Chronique

Heinz Sauer & Daniel Erdmann 4tet

Special Relativity

Heinz Sauer (ts), Daniel Erdmann (ts), Johannes Fink (b), Christophe Marguet (dms)

Label / Distribution : Jazzdor Series

Pour le troisième volet de ses témoignages captés durant le célèbre festival franco-allemand, le nouveau label Jazzdor Series a privilégié une formation qui lui ressemble : un quartet éphémère et transfrontalier construit sur une rencontre transgénérationnelle. Une gourmandise berlinoise enregistré au Kesselhaus, là même où les précédents concerts avaient été enregistrés, à quelques heures d’ailleurs du trio Magique... Preuve supplémentaire de la richesse de la programmation. Ici, ce sont deux saxophonistes ténors qui s’unissent. Daniel Erdmann est allemand et vit depuis plusieurs années en France. Il mène de front de nombreuses formations, dont le remarquable trio Das Kapital. Heinz Sauer vit en Allemagne, où il est considéré comme une légende du jazz. Un statut gentiment ignoré de ce côté du Rhin malgré sa longue route avec Albert Mangelsdorff depuis les années 60, ou plus récemment avec Michael Wollny et Joachim Kühn, autre aventure entre anciens et nouveaux venus.

La rencontre célèbre à la fois la mémoire et l’impétuosité ; en témoigne l’effervescent « 1000 Secrets », composé par Erdmann, où les saxophonistes jouent de front dans des styles assez différents mais complémentaires et qui favorisent une passementerie subtile.
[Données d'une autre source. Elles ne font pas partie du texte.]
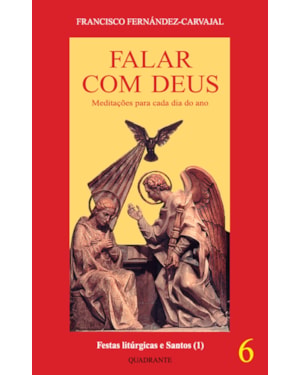 FALAR COM DEUS - TOMO VI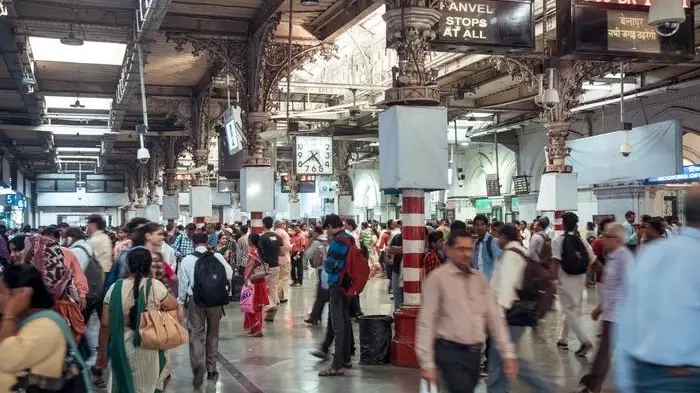 railway station railway station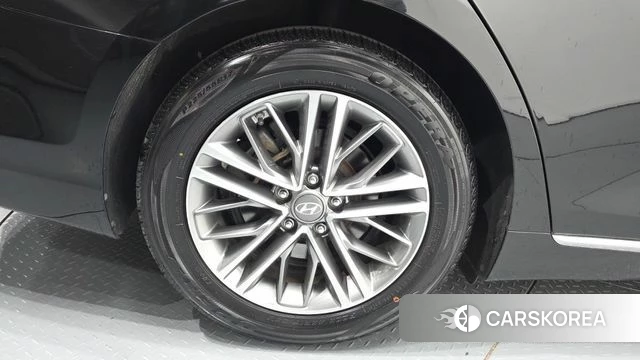 Hyundai Grandeur IG id 4471741 из Кореи 15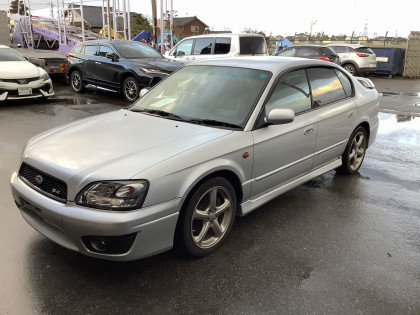 SUBARU LEGACY 2001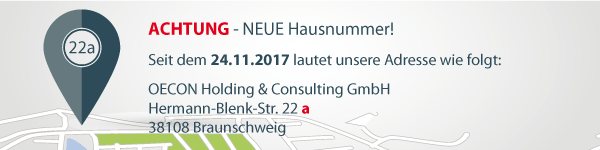 banner neue Adresse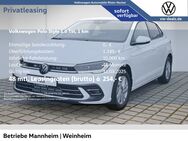 VW Polo, 1.0 TSI Style OPF, Jahr 2022 - Mannheim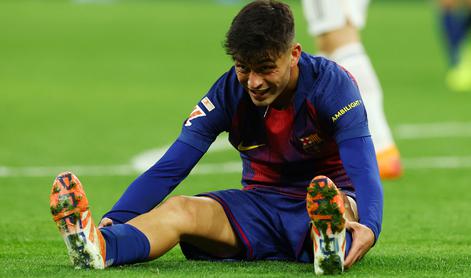 Zdesetkana Barcelona gosti Elche, Oblakovi do visoke zmage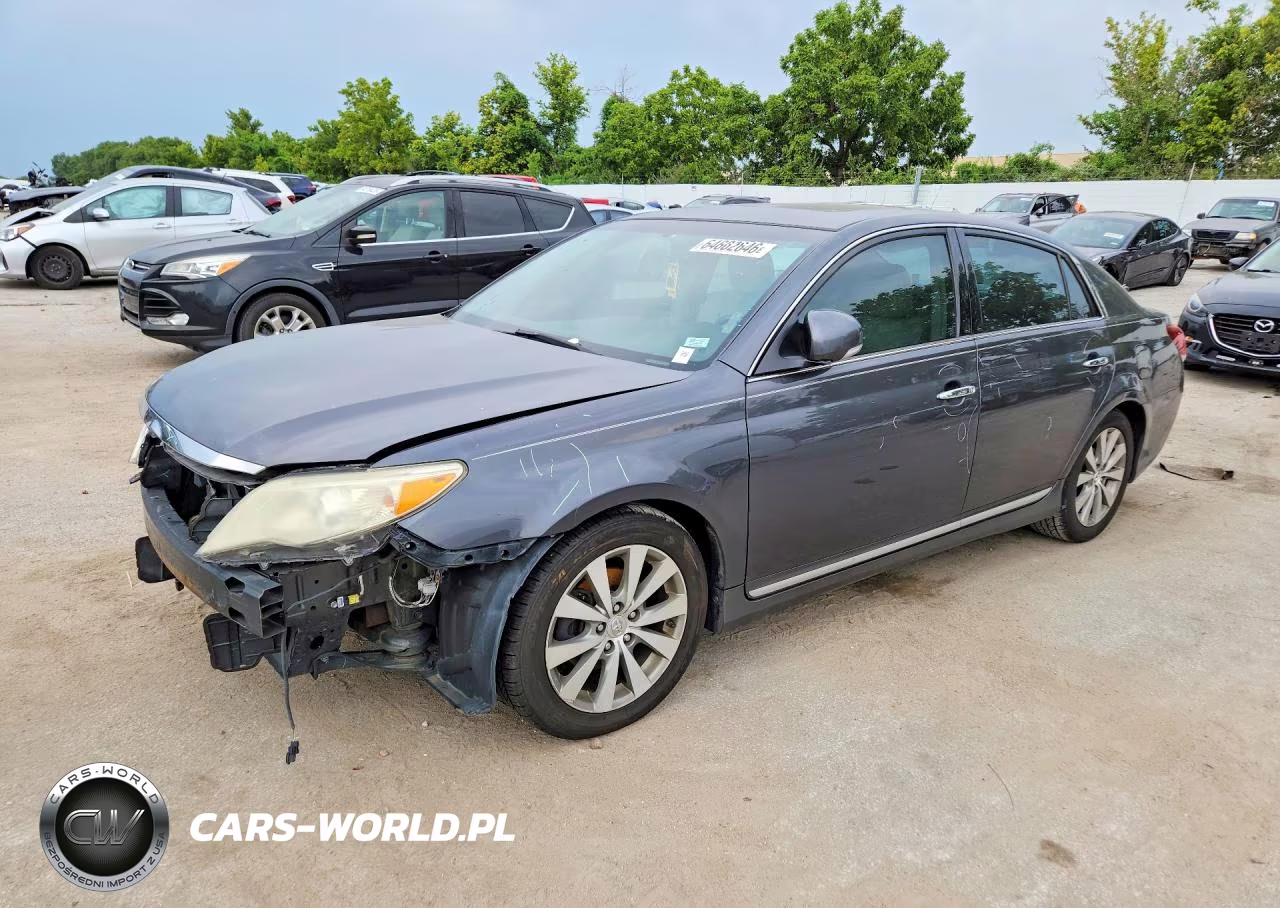 2011 Toyota Avalon Limited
On reconnaît tout de suite Erdmann par son timbre ample et chaleureux, légèrement traînant, qui s’allie à merveille au jeu d’archet du contrebassiste Johannes Fink. Quant à Sauer, son jeu plus anguleux, plein de ruptures, trouve en Christophe Marguet un allié de circonstance pour dynamiter un propos où palpite une certaine tradition de la musique improvisée européenne. Fink et Marguet sont des partenaires de longue date d’Erdmann, mais cette base rythmique à la fois dense et agile se marie idéalement à l’univers musical de Sauer. Il suffit pour s’en convaincre de se laisser porter par le lyrisme éclatant de « Mouson », où les ténors s’échauffent sur le jeu d’archet tellurique de Fink, puis de plonger dans le court « Certain Beauty » de Mangelsdorff [1] où brillent quelques reflets du « Lonely Woman » d’Ornette.

Ce n’est pas la première fois que Daniel Erdmann croise le fer avec un collègue ténor. Il avait déjà expérimenté ce type de rencontre au sein du Mediums de Vincent Courtois. Mais ici, il poursuit la déclaration d’amour au jazz et à sa tradition européenne, déjà abordé avec Christophe Marguet dans le duo Together, Together. Avec son compère, il s’attache à entretenir les chemins de traverse défrichés par Mangelsdorff et les traits d’union entre les deux Allemagnes d’avant la réunification. Celle de Sauer et Mangelsdorff à l’Ouest, et celle de Sommer et Gumpert à l’Est... C’est tout le sujet de « Anmut Sparet Nicht Noch Mühe », l’hymne des enfants de la RDA composé par Hanns Eisler, auquel Erdmann a déjà rendu hommage avec Das Kapital. On trouve, dans l’urgence qui se saisit de la mélodie, une cartographie précise du rêve européen. C’est sans aucun doute la grande réussite de cet album.

par Franpi Barriaux // Publié le 25 octobre 2015

[1Un titre que Sauer avait déjà repris en duo avec Michael Wollny.